My initial idea was proposing that the person evaluating could specify directly what was tested, record it, and play it back to benchmark among several cards. It was prompted by discussion of the 3dmark03 aniso test, I think...I consider it a problem that it doesn't automatically provide regular and easily reproducable motion (EDIT: that can be objectively applied for further comparitive testing) to allow easy comparison of aliasing in actual use.
My thought was originally of a scene designed to readily expose all pertinent issues at once, and then facilitate the reviewer/evaluater inputting keys and directing camera rotation around the scene. This could then be saved out to a file and then played back, and would be unique to each evaluation session and under the control of the person evaluating.
Further facets would be letting the person control changing parameters, like colors, light intensity, and other properties that could expose image quality shortcuts, and maybe animation properties (a "living" model with skeletal animation, etc) as part of this "recorded demo".
Wouldn't eliminate cheating opportunities, but open the amount of parameters that would have to be taken into consideration when cheating to a rather large amount of variance, hopefully making such optimizations impractical except as they would be general case optimizations.
Ilfririn's example is a shortcut that fits as an extension of what 3dmark is already doing, and could be applied to the criteria above as an option as well. I think user controllable is more important, however, to facilitate an association between the specific thoughts of the person evaluating and the testing, to account for possibilities not accounted for by the benchmark creators specifically, so as to not limit the possibilities and likelihoods that can be expressed.
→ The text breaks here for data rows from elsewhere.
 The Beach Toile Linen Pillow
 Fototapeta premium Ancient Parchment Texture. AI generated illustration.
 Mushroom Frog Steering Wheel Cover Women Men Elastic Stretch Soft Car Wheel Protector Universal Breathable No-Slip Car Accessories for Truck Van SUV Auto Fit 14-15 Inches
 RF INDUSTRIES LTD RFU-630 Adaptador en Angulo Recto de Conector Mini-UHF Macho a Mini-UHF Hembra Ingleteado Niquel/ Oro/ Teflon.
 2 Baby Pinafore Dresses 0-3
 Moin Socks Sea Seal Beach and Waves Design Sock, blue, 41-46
Reproducibility would be covered by the saving of the file, and the focus for such customizable testing would be for an option more focused on expressing the ideas from the game tests (which are separate) in such a way as to evaluate whether the game test results indicate special case "cheating", or not.
Of course, many games do this half of this already, but doing this for a synthetic test (EDIT: in this usage, a test designed not for actual gaming, but for the "synthetic" criteria of accurately reflecting what would be stressed by games) and with these types of controls opens up many new doors for testing and exposure, and optimizing that worked for this would atleast be
more likely to be both general case and truly invisible.
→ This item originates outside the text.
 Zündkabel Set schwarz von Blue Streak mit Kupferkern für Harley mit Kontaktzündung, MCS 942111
Can't find my original suggestion yet, though (the searching with asteriks still appears to have issues, like not being able to go to another page with one set of search results, so I gave it up for now). However, some
opinions I've expressed before seem somewhat related to my concerns in this regard (except that I've since been shown to be wrong about what nVidia was doing with their 3dmark 03 boosting driver set
).
EDIT: To address Rev's question, and Calavaro's one color texture example, that would be covered by allowing variance that would require the standard amount of colors in the texture to render properly in all cases, and highlighting the difference in performance and/or image quality between the game tests and the associated "Cheat Check" test associated with it, the latter being where such cheats can more easily be exposed.